At Jive we strive to satisfy our customers with the best social business software application that we can build. We have a constant drive to improve what we already have in addition to expanding the envelope and provide a unique social-based solution to common business problems. Our software, Jive SBS, has been a study in constant evolution ever since it's roots in Jive Forums with new functionality being introduced continuously and major architectural changes being made as required. One aspect of the application that hasn't seen a lot of changes over the years however has been the caching layer used by Jive SBS. Like most high performance server applications Jive SBS relies heavily on in-memory caching to improve performance and reduce load on the underlying database. Without this caching layer our application could not nearly do as much as it does nor scale anywhere near the loads seen every day in production by our customers. It's a testament to the initial design choices that the cache implementation had stood the test of time as well as it has. That being said over time it become apparent that there were limitations and problems that needed to be addressed.
The problem with map based caches
Caching (and clustering) in Jive SBS 4 is implemented using Oracle Coherence with each application server in the cluster acting not just as an application server but as a cache server. The caches defined in Jive SBS (of which there are well over a hundred) are based on Coherence's distributed map architecture and benefit (and suffer) from that choice. Having caches be map based leads developers to start to treat the caches no differently than they would any other map. This allows new developers to get up to speed faster but can lead to performance issues, heavier than expected network traffic and other problems that tend to only show up when systems are under heavy load. More importantly design choices which worked well historically have proven to be problematic which has lead us to reevaluate those choices and indeed the full requirements for what Jive SBS's caching layer should look like. What we came up with in that reevaluation was a design that on the surface looked similar to what was in Jive SBS 4 but on closer inspection is significantly improved.

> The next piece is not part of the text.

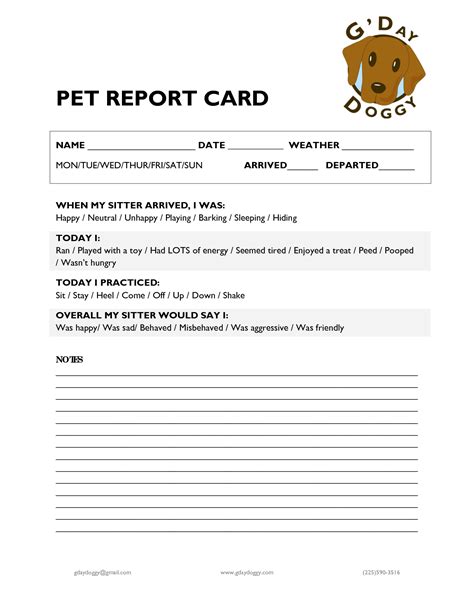 pet report card pet sitting business dog daycare business dog daycare
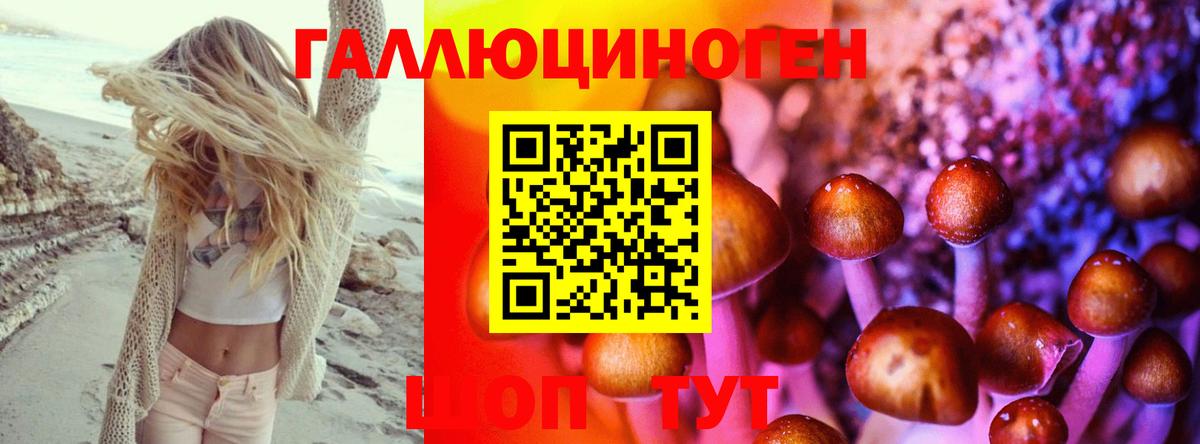 Галлюциногенные грибы мухоморы Кызыл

Why we redesigned the cache
As part of the cache system reevaluation we started by going over the concerns we have with the 4.0 and earlier design so we have a basis to compare any solution we came up with against. Outlined below is a sampling of the issues we discussed:
- Having caches only exist in the same process as the application server has proven to be an issue. Caches by their very nature use a lot of memory and if not configured correctly can quickly consume all available memory in the JVM causing the dreaded OutOfMemoryError. This puts a strain on Java's garbage collector which has to balance normal app server traffic which creates a constant stream of many small but largely short lived objects with caches which tend to hold onto objects for a much longer period of time. While having caches be in-process was a great design decision historically it was not without significant risks and issues.

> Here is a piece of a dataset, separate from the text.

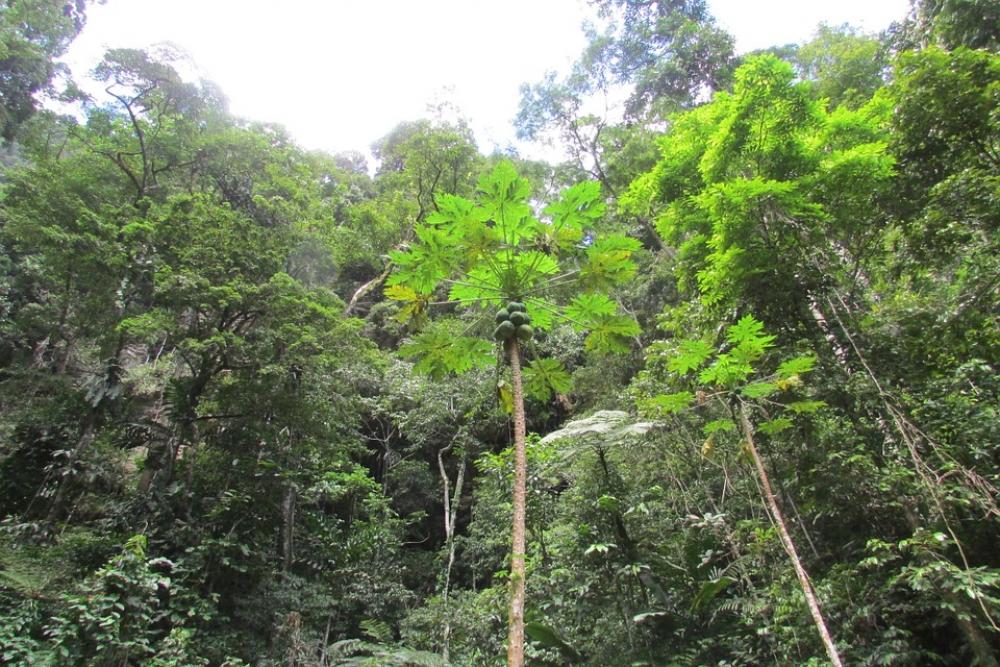Peru Jungle Tarapoto Peru Jungle Tarapoto
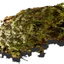 Bergmoos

- Every cache is sized independently. While this worked fine when there were just a few caches in the application as the number of caches increased various measures had to be put into place to make administration easier. These measures, including system wide defaults for small, medium and large installations helped but did not solve the underlying problem. Having individually sized caches meant that administrators had to experiment a fair bit with cache sizes to come up with a set of cache sizes resulting in the best cache usage patterns they could get while at the same time didn't cause overall cache usage to go above the recommended percentage of the maximum amount of memory given to the JVM. This pattern of balancing cache sizes was a common practice that administrators had to go through and lead to some caches being undersized while other caches being oversized leading to what amounted to 'wasted' memory.

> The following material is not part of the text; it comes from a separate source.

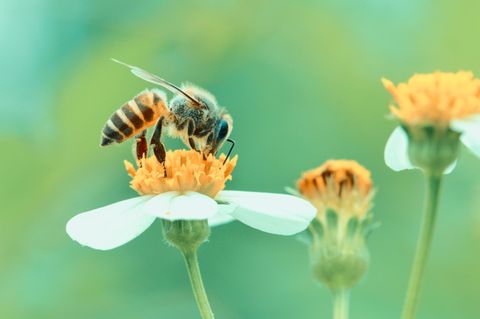 Bienensterben: Biene auf einer Blüte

- The behaviour of caches was different for a single node install vs one with multiple nodes. The behaviour differed in that cached objects in a single node install were not serialized whereas objects in a multiple node installation most often were. This had two repercussions, the first being that developers developing on a single node would not see serialization problems until very late in the development process when they started testing in a cluster - or in some cases not at all if a object was rarely cached. The second repercussion of this behaviour is that the number of objects that could be stored in caches was dramatically different depending on whether the system was clustered or not, a rather surprising situation for many customers.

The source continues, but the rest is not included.